Un renouvellement intérieur l’Esprit Saint

Après le carême et le temps pascal, nous voilà revenus dans le temps ordinaire. Ordinaire sonne banal, sans intérêt. Nous cherchons plutôt de l’extraordinaire, de l’exceptionnel, de la nouveauté. Serions-nous entrés dans un temps banal, dans l’attente impatiente d’autres temps plus inattendus ?

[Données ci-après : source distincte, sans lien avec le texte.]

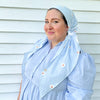 Alyssa X Valeri Sky Blue Embroidered Daisy Pretied Headscarf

Il y a quelques semaines, nous célébrions le grand événement de la Pentecôte, la fête de l’Eglise. Il y a deux mille ans, Jésus a accompli sa promesse en comblant ses apôtres de l’Esprit Saint afin qu’ils puissent remplir leur mission et annoncer la Bonne Nouvelle. L’Esprit n’est pas banal et ne suscite pas la banalité. Si l’Esprit nous a été donné pour vivre le temps ordinaire, cela implique que ce temps ordinaire ne soit pas banal. Plutôt que de comprendre le qualificatif « ordinaire » en opposition à « extraordinaire », il convient de réaliser que le temps est ordinaire en ce qu’il est ordonné au temps de Dieu. Étant ordonné à Dieu, le temps prend une toute autre saveur. Il est habité par Dieu, animé par Dieu, transformé par Dieu. Année après année, nous vivons les mystères du Christ et par-là sommes associés à sa vie, à son être, à sa victoire sur le mal et sur la mort. Petit à petit, le Christ nous transforme pour que nous vivions de lui, que nous vivions de sa vie.

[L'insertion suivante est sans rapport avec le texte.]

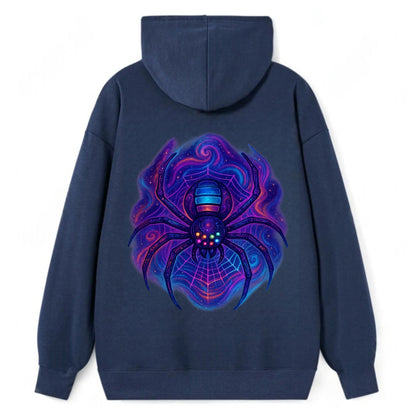Tech spider with legs showing circuit board patterns, web glowing in neon - Classic Pullover Hoodie - Navy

Le temps ordinaire est extraordinaire parce qu’il est habité par Dieu, parce que nous célébrons chaque jour les mystères de Celui qui nous entraîne vers le Père dans la force et la communion de l’Esprit. Si le temps vit au rythme du temps de Dieu, il n’est plus une succession de jours et de nuits mais un chemin qui nous mène jusqu’à l’intime du mystère de Dieu.

Le temps pascal et la fête de la Pentecôte ne sont plus seulement un événement du passé mais le moteur du temps ordinaire, le moteur de notre existence. L’Esprit nous est donné pour habiter le temps, pour faire du temps qui passe un chemin qui élève, qui transforme, qui sanctifie.

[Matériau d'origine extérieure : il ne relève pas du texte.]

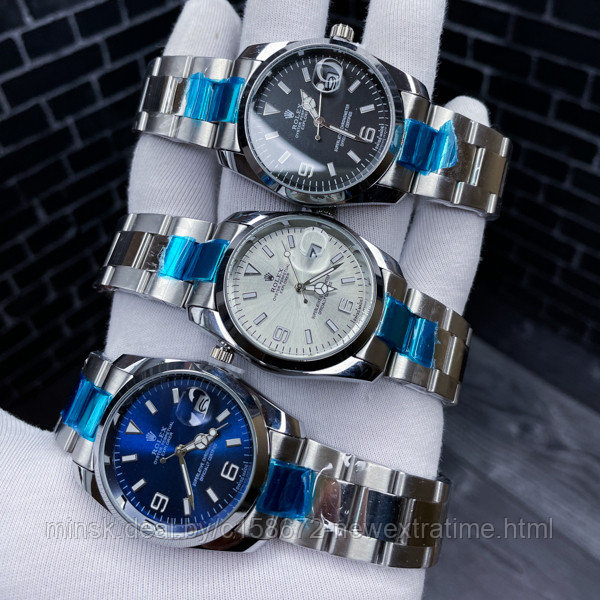 Стильные часы Rolex  (кварц, серебристые, копия)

En célébrant la fête de la Pentecôte, nous avons été invités au Cénacle, avec les Apôtres, afin de recevoir l’Esprit qui sanctifie. De nombreux adultes ont été confirmés, ont reçu la marque du Saint-Esprit, ont été comblés à jamais par l’Esprit qui est le Don de Dieu, le don par excellence. L’Esprit est venu pénétrer leur vie pour les animer de l’intérieur, pour leur donner la force d’avancer, pour leur donner la joie, pour conformer leur espérance et assurer leur foi, pour les embraser de charité.

La vie chrétienne est transformée de l’intérieur par le Don de Dieu qui est l’Esprit, comme les confirmés ont été transformés par le sacrement de confirmation. De même que le temps ordinaire est ordonné au temps de Dieu, notre vie est rythmée par la vie de Dieu, par la grâce et la force de l’Esprit. Notre vie n’est pas la recherche de la nouveauté pour la nouveauté, mais le renouvellement intérieur par l’Esprit Saint. L’Esprit nous transforme afin que nous épanouissions pleinement les dons reçus et que nous puissions collaborer à l’œuvre de Dieu.

Nous sommes appelés à faire de notre vie une réalité extraordinaire, non pas parce que nous aurions accompli des exploits, mais parce que notre vie est habitée par Dieu, conduite par Dieu, éclairée par Dieu. Se laisser habiter par Dieu nécessite une proximité avec le Christ, notamment en célébrant ses mystères tout au long de l’année. Cela se traduit par une vie accordée à l’Evangile et aux commandements de Dieu. Une vie conduite par Dieu est aussi une vie fraternelle, une vie en Eglise, où nous réalisons que nous ne sommes pas seuls : nous sommes membres du même corps, celui du Christ, membres d’une même famille, celle de Dieu.

Lorsque notre vie est habitée par Dieu et conduite par l’Esprit, lorsqu’elle est ancrée dans les mystères du Christ que nous célébrons tout au long de l’année, alors cette vie est profondément transformée par l’extraordinaire de Dieu. Le temps ordinaire peut refléter l’extraordinaire de l’amour de Dieu à travers des disciples missionnaires qui se laissent conduire par l’Esprit Saint.